People have not been satisfied with the two most popular validation methods, DTDs and XML Schema, for a few reasons. DTDs were designed long before XML was created to work with SGML. Although SGML is a superset of XML, DTDs are too limited in many respects to cope with the huge diversity of constraints that occur in many XML formats. They have very limited support for namespaces and only a very small range of data types. W3C XML Schemas are more versatile but extremely complicated; they have a wider variety of data types available as well as ways to extend and restrict these types. They also have built-in support for namespaces, and the advantage that they themselves are written in XML means that you can often use the same tools to create them as you would for the actual instance documents, something not possible with DTDs.
Both of the alternatives in this chapter seek to address these limitations. RELAX NG (usually pronounced as relaxing) tries to be a simple yet powerful and natural way to describe the format of an XML document, without some of the baggage carried by XML Schema, such as appending information to the document in the form of default attributes. Schematron’s main selling point is that it provides a way of reporting errors in the document in a very friendly manner. The messages from Schematron, which are defined by the author, can be in a non-technical format such as The book element must have an ID, rather than the sometimes more cryptic output received from XML Schema–based parsers. Schematron can also cope with constraints in XML documents that are difficult or impossible to express using other validation methods.
The first stage in learning about these two validation techniques is to set up your environment.
The examples in this chapter use the <oXygen/> XML editor. This editor is widely acknowledged as one of the leading applications in its field. Unfortunately, but perhaps not surprisingly, it is not free, but it does have a 31-day trial period. One of the reasons it was chosen for the examples in this chapter is that it has good support for both RELAX NG and Schematron, which is a change from the command-line operations that you’ve been using a lot elsewhere in the book.

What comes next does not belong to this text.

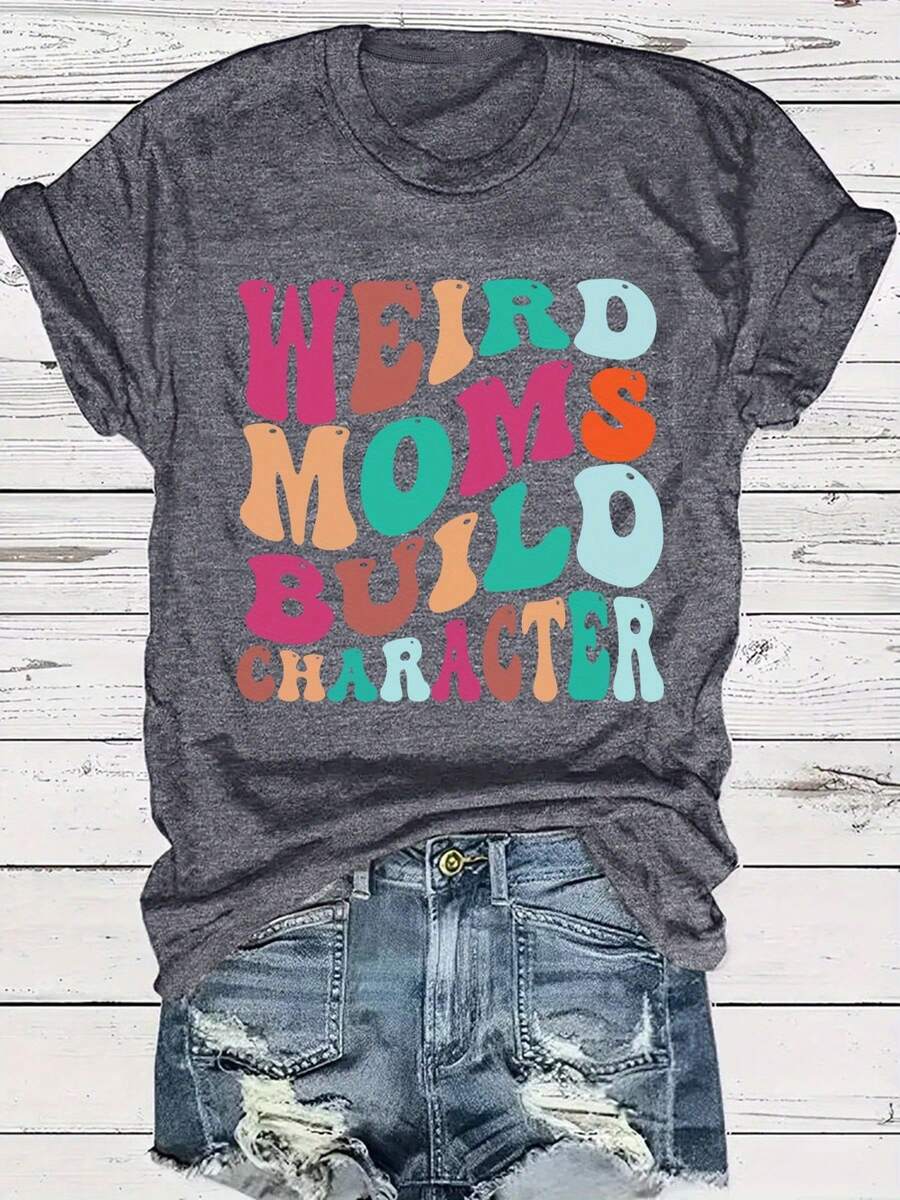 Women's Plus Size Casual T-Shirt - "Weirdo Moms Build Character" Graphic Design, Short Sleeve, Crew Neck, Lightweight And Stretchy, Ideal For Spring And Summer, Casual Wear T-Shirt | Fun Print Top | Comfortable Fit, Plus Size Shirts - 深灰色 - 查看 1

It only takes a few steps to get started with the editor:
Now that the environment is ready you can start to learn what RELAX NG is all about.
RELAX NG came out shortly after XML Schema and one of its aims—simplicity—arose because many thought that W3C XML Schemas were too difficult to use. Users were also hopeful that having a more compact non-XML format would make it easier to hand-write RELAX NG, while the XML version would be more suitable for creation and use by software. The main precepts of RELAX NG include the following:
There was also a feeling that DTDs suffered two main failings: they could be used to add default content to documents at run-time, making it difficult to determine what data the document held just by inspection, and could only deal with a very limited set of data types. Both these deficiencies are addressed in RELAX NG: no default content is added and data types from other technologies can be used if the built-in ones are insufficient. RELAX NG has therefore stood the test of time and is extensively used. In the rest of the chapter you cover all these points in detail and you should be able to judge if RELAX NG succeeds in its goals.
RELAX NG is built on the idea of pattern matching. The XML document you are trying to validate, commonly called the target document, can be visualized as a tree, starting with the root element and spreading out to cover all child elements and attributes. Other items, such as comments and processing instructions, cannot be validated using RELAX NG; this is similar to the situation with DTDs and XML Schema.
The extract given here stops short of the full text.